It’s a word that we all know well, or will know at some point. Because one of the toughest aspects of this human existence is grieving the loss of a loved one, and that inevitability is a byproduct of one of our greatest strengths, which is the ability to love.
Grieving gets a lot harder to deal with when that loss is one that could have been prevented. In the bleeding disorders community, the greed of “big blood” and their unwillingness to safeguard their product at a crucial time in the early days of the epidemic added another painful level to the mourning process. And the reaction to COVID-19 by the Trump administration reminded a lot of people in the AIDS community of Reagan’s callous and calculated incompetence when faced with the responsibility of protecting the well-being of their fellow citizens.
Ultimately, in a capitalist society it usually comes down to a profits over people attitude, and the cruel calculations that are a huge part of politics.
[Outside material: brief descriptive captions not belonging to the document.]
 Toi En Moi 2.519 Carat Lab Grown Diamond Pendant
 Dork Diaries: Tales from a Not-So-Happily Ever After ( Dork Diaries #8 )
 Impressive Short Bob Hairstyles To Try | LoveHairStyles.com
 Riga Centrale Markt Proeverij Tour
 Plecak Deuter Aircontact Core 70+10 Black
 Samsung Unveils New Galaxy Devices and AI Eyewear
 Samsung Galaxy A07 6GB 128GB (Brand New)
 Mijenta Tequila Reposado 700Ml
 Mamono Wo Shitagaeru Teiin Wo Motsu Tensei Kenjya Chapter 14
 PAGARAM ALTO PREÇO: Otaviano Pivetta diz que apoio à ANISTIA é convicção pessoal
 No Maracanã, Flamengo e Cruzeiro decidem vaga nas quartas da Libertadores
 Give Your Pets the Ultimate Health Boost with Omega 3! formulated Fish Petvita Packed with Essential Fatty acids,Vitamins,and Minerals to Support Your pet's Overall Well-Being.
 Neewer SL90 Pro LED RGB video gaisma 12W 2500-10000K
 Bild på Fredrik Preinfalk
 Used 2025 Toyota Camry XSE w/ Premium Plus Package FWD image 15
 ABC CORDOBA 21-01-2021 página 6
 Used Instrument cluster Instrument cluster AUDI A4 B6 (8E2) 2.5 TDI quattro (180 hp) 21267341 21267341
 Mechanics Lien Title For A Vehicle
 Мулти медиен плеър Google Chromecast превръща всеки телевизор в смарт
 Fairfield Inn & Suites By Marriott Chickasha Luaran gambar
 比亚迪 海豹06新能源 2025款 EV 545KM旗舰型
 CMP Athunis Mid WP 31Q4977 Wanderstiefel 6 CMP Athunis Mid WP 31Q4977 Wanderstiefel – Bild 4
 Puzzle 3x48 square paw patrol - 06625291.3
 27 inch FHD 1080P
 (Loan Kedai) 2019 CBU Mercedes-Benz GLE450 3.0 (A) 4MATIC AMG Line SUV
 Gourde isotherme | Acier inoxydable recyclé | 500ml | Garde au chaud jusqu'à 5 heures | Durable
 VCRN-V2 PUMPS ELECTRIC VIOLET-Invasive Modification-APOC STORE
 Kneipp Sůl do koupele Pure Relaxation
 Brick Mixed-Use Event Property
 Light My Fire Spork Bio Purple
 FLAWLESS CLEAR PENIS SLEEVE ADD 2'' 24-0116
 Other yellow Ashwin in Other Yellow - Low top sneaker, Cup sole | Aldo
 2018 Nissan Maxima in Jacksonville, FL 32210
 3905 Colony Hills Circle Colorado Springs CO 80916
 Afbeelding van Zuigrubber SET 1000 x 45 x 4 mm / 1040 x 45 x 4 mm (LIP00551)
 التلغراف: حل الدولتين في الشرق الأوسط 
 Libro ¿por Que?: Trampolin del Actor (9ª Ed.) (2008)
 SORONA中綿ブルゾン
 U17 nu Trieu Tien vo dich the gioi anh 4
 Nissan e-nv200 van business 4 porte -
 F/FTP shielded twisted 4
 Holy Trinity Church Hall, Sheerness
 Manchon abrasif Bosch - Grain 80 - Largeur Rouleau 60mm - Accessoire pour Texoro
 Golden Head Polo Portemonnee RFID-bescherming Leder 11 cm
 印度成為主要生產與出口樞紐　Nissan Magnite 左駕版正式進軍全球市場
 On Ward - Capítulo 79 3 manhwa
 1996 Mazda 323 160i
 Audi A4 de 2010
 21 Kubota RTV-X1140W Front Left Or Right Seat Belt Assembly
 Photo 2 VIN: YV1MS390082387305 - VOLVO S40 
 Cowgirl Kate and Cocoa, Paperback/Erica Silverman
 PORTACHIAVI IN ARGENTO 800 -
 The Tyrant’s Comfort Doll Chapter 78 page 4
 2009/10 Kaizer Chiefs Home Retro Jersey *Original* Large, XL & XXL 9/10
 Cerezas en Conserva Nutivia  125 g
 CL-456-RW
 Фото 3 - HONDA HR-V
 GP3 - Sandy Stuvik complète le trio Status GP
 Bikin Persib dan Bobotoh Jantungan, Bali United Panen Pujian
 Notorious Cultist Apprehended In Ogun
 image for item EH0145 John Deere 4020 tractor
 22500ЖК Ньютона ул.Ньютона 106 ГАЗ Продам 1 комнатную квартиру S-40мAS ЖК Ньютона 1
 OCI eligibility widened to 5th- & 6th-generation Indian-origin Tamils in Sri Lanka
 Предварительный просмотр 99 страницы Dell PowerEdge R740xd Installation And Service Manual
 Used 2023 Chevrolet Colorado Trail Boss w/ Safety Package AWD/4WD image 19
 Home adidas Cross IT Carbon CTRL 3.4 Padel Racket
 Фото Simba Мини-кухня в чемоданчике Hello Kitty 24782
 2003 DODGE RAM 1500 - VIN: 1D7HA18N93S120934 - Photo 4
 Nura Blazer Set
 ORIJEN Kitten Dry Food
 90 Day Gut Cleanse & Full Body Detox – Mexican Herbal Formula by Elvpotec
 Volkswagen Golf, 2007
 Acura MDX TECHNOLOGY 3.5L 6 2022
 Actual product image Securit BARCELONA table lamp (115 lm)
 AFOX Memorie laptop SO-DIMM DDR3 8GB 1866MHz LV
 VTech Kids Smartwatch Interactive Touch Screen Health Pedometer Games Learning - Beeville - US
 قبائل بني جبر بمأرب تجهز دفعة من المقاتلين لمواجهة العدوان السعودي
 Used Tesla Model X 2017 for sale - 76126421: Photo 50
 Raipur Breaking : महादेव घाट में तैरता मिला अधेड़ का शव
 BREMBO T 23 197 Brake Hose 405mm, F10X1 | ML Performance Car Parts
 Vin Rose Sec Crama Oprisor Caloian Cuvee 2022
The official death toll in the US as a result of COVID-19 is 600,000. 600,000. It’s a staggering number. I understand that it’s dicey territory comparing one virus to another, but consider this: it took four decades to reach that number in US deaths related to AIDS. I gotta believe that this number, like COVID-19 mortalities, could have been a lot lower. Action in place of disdain puts at least 100,000 people back in the game, living their lives, and giving and receiving love to the people in their community.
And remember, death tolls aren’t the entire story. Each loss represents so many other lives that go on, forever changed. What’s worse is that, when those deaths are preventable, there’s a scarring that occurs...
I write all of this from the the perspective of a long-term survivor of HIV. When I get upset about some “trivial” matter, I feel worse about it and don’t know why until I process the subconscious embarrassment of not being on a higher plain of gratitude as the result of my good fortune. I usually come around to embracing those trivial slights life throws at us. But sometimes I don’t give myself proper time to deal with a situation in real time, because an inner voice says, “You’re lucky to be alive, kid.” So I just brush something off until it slithers back to the forefront. The older I get, thankfully, the less I put those things off. And whenever I wear my AIDS Memorial t-shirt, I feel the spirit of those who have gone on before me to whatever that next adventure is, if there is one.
And it helps.
One of the things that hurt most about the COVID-19 pandemic was how uncaring so many people were. Not just the decision-makers, but our fellow citizens. In that regard, it was a traumatic reliving of the earliest days of the AIDS pandemic. The enormous COVID-19 death toll is proof positive that, when the next pandemic rolls around, even if we are lucky to have compassionate leadership when it occurs we will still be living side-by-side with a quarter of the population unwilling to be inconvenienced even if it means saving the lives of strangers.
Not one to end on a downer, I have to acknowledge the heroes that emerged in the AIDS crisis, from activists to hospital staff to community members that reached out with compassion when someone needed it the most. That same spirit in the face of ignorance was on display during COVID-19, and must be present moving forward if we hope to prevent the death toll from rising as new strains emerge.